My parents softly discouraged my sister from playing with Legos as a kid because "girls like pretty things."
Now of course, a lot of software in the US is below 20% female and we easily end up with spirals where departments end up lower than that and develop a toxic environment that pushes each new woman out. I personally ended up majoring in math instead of cs because of that process at my college.
I would hesitate to advance any theories as to cause based on that data (e.g., Denmark - part of Scandinavia - is >50% and Finland - not part of Scandinavia but next to it - is <30%).
Scientists and engineers overall include a lot of disciplines that are not CS. Biology in particular is frequently majority female.
I guess the interesting point of discussion here is "personal inclination". A lot of my female friends have stories about how their parents encouraged their brothers to fix things around the house, get their hands dirty, read manuals, and set up new appliances. They tell me how they were, conversely, encouraged to make friends, maintain relationships, and steered toward more aesthetic pursuits like art, drama, or music.
My sister, at an age when she had no strong interests of her own, was given paintbrushes and nice paper as gifts by our parents but not Legos because they felt like girls were more likely to enjoy aesthetic things than mechanical things. Funny enough, as an adult she has neither mechanical nor aesthetic interests. The question I guess is how much of "personal inclination" is driven by these small decisions of what options we give to kids.
I will say my experiences are colored by the fact that my family is a low-income immigrant family in the US from a culture with definite gender discrimination and so they hold stronger gender prejudices than probably a high-income Scandinavian family.
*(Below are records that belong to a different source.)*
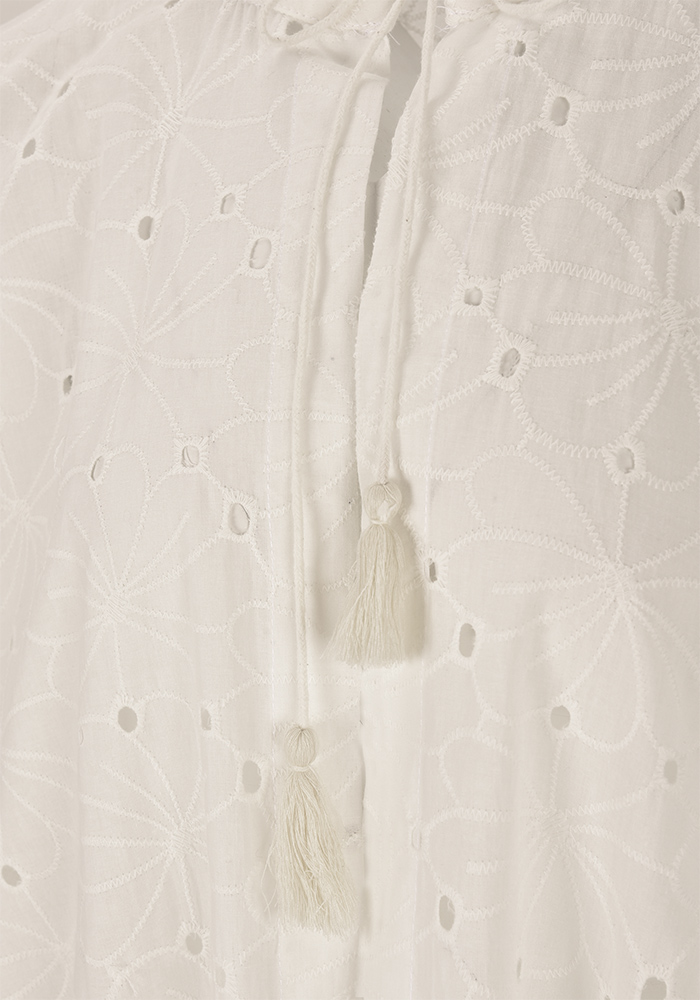 مانتو خامه دوزی آستین کیمونو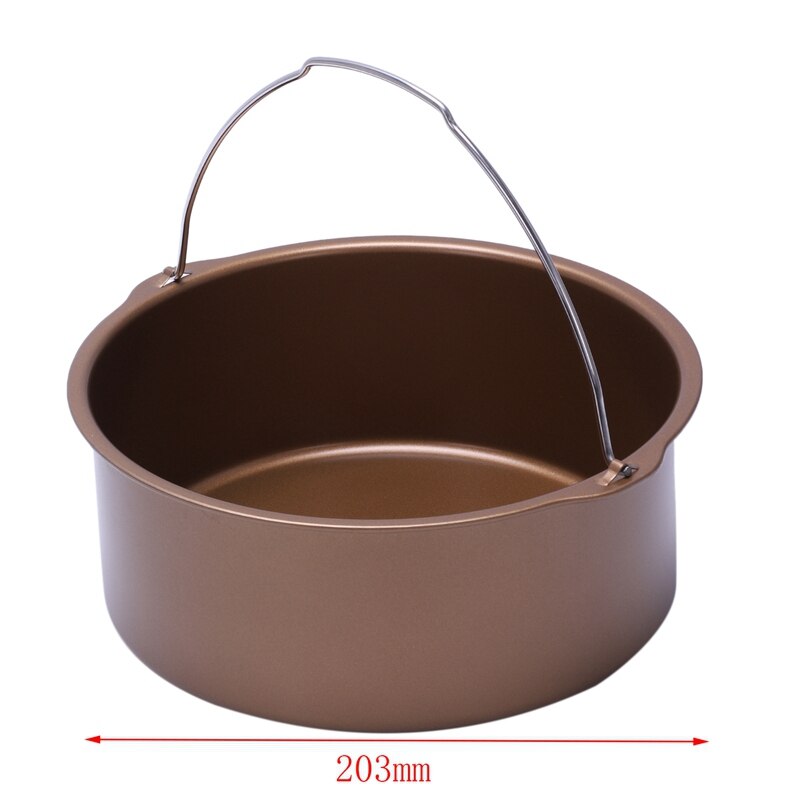 1pcs Air Fryer Non-Stick Baking Barrel Cake Pan-Power Air Fryer Baking Barrel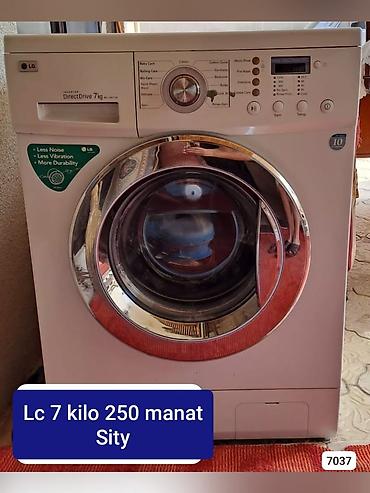 fırınlar: LG paltaryuyan maşın – Inverter Direct Drive, 7 kq yükləmə — 1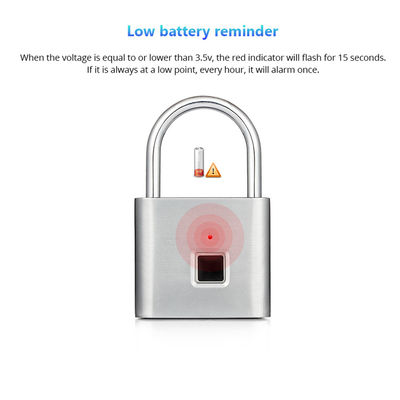 Rainproof USB Smart Rim Lock / Biometric Padlock Rechargeable Lock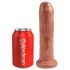 King Cock 7 - dildo realista (18cm) - tono oscuro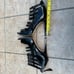 Tania Spinelli Black Patent Leather Cage Front Sandal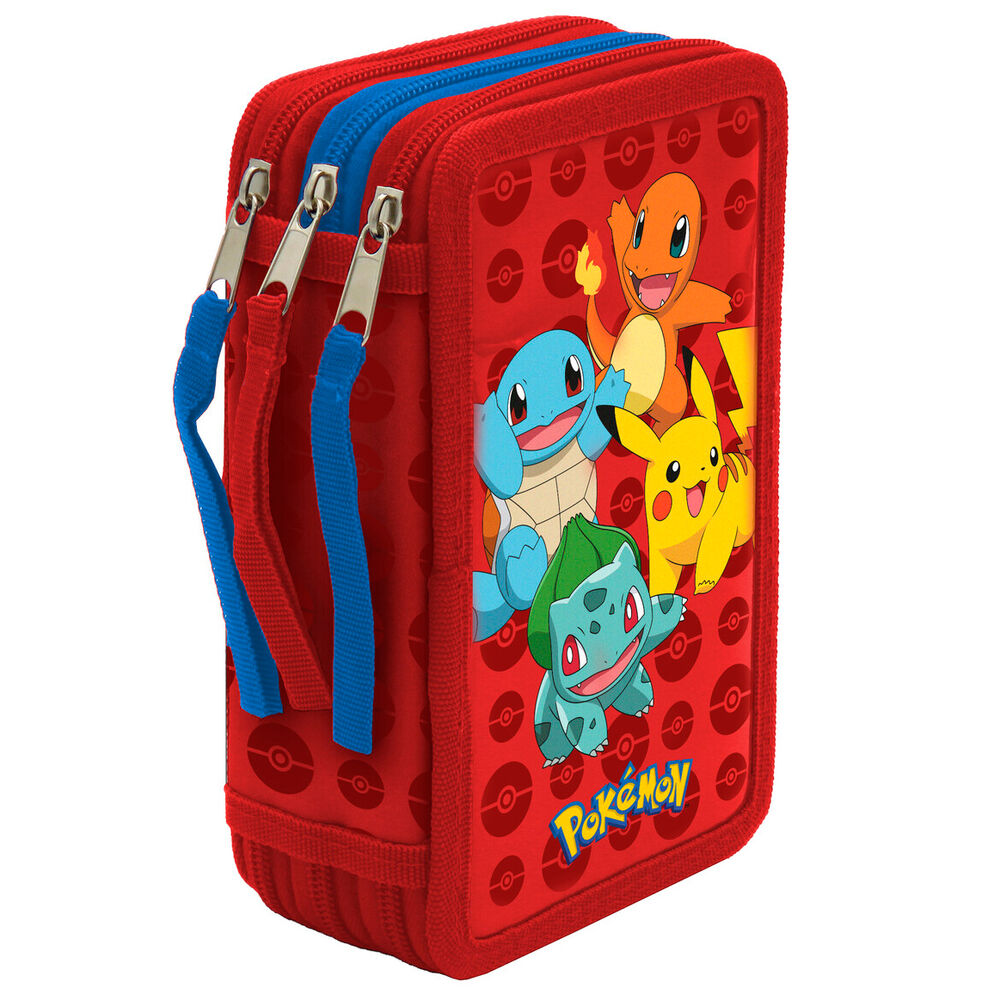 pokemon pencil case 39pcs triple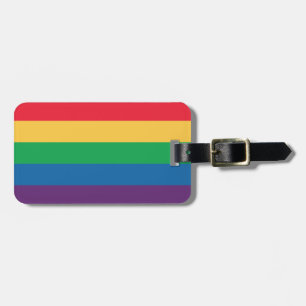 Rainbow Flag Pride Luggage Tag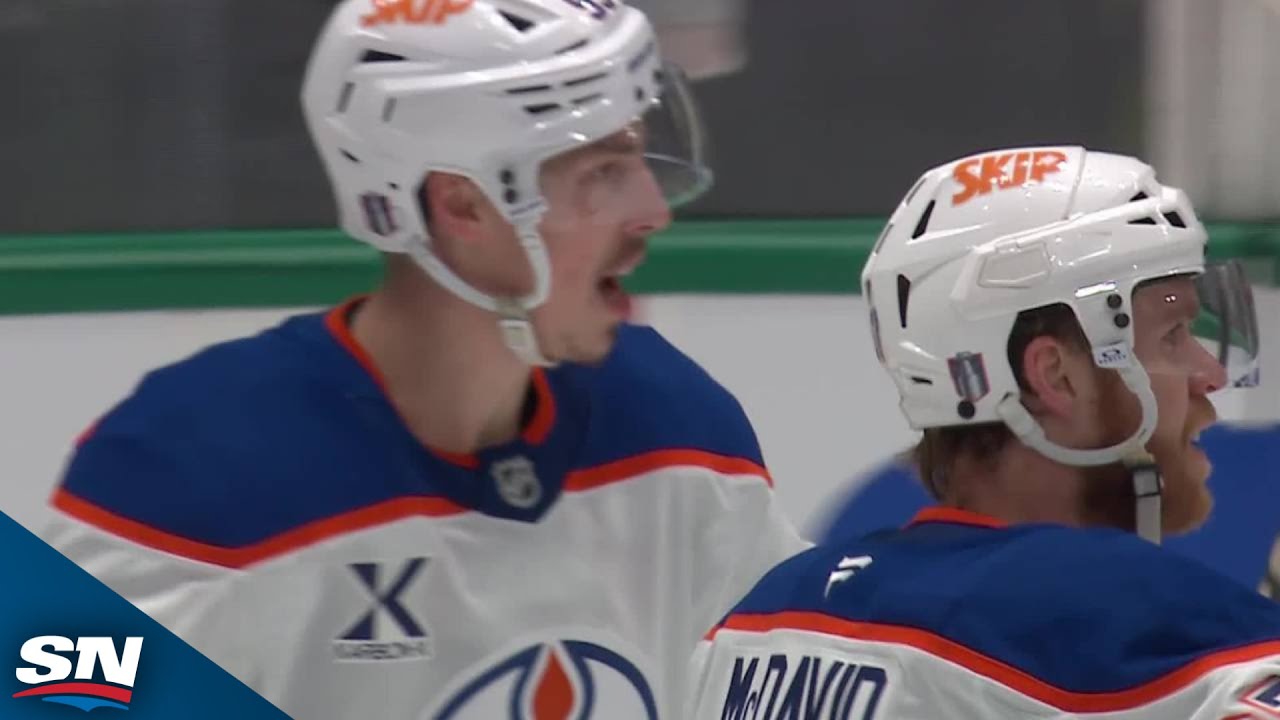 Nugent-Hopkins Scores Power-Play Goal vs. Stars 🏒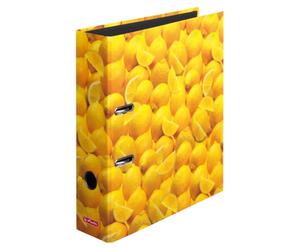 HERLITZ Classeur à levier maX.file A4 pélliculé Brillant motif Citrons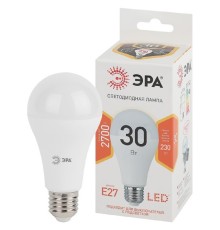 ЭРА Б0048015 Лампочка светодиодная STD LED A65-30W-827-E27 E27 / Е27 30Вт груша теплый белый свет 
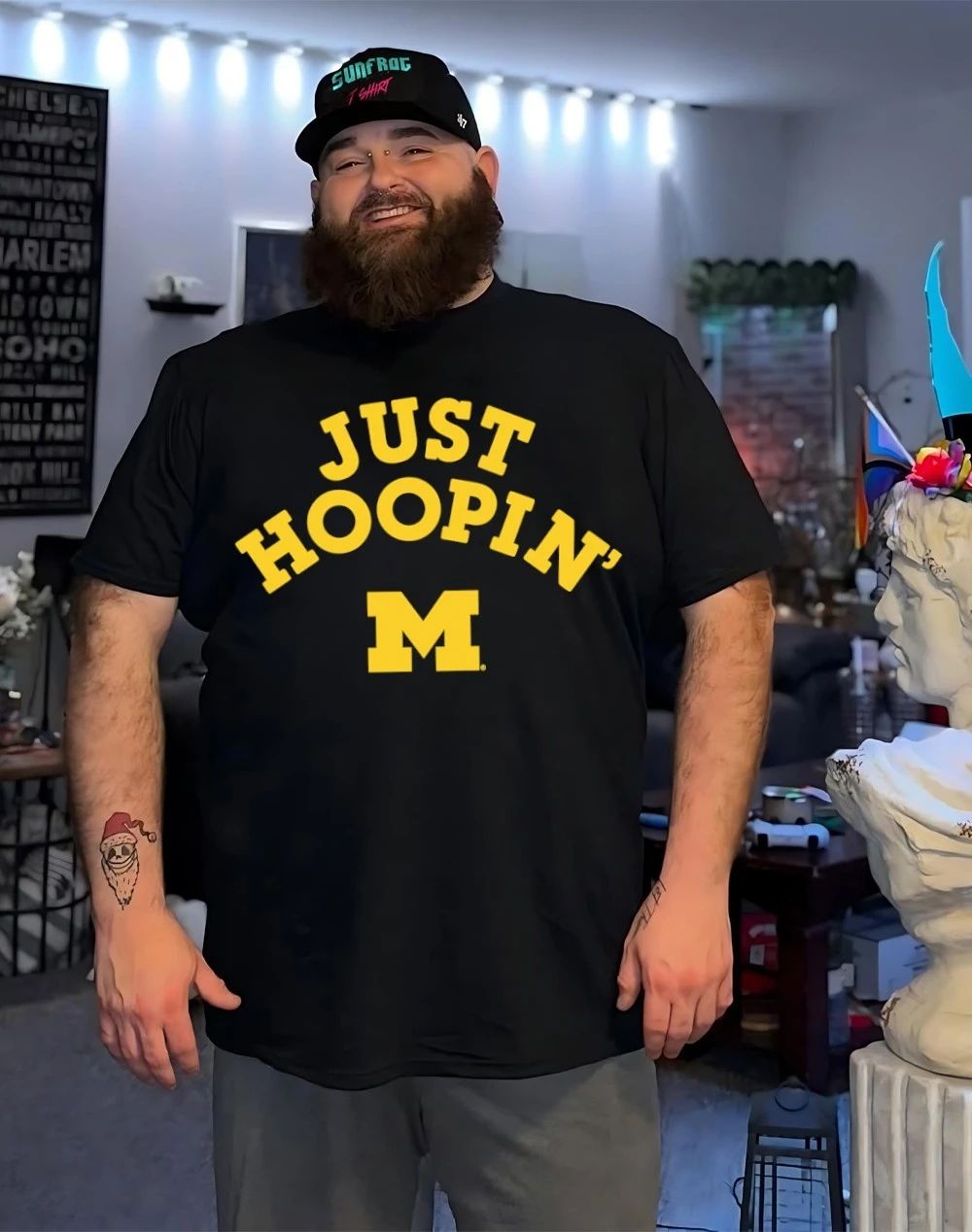 Michigan Wolverines Just Hoopin’ shirt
My guess is also that younger generations have grown up with a much better idea of gender equality and will raise their kids with less of this prejudice.
I also observed in my school that a lot of women felt more comfortable in the math department than CS (though CS had much less prestige compared to now), so thanks for your story and background.
The US spends more per student than any other country, by a lot. Money is very clearly not the problem.
BTW, if you condition PISA scores on racial groups, any racial group (black, white, asian, whatever) scores higher in the USA than in any other country, except Hong Kong.
I've heard this, but will fully admit I don't know how real this is. For one, the US generally has the highest COL in the world, so it's bound to spend more per student than any other country. Moreover, the general concern I've seen is that badly funded school districts in the US are much worse off than well funded school districts. Moreover gender disparities are not as bad in well funded school districts.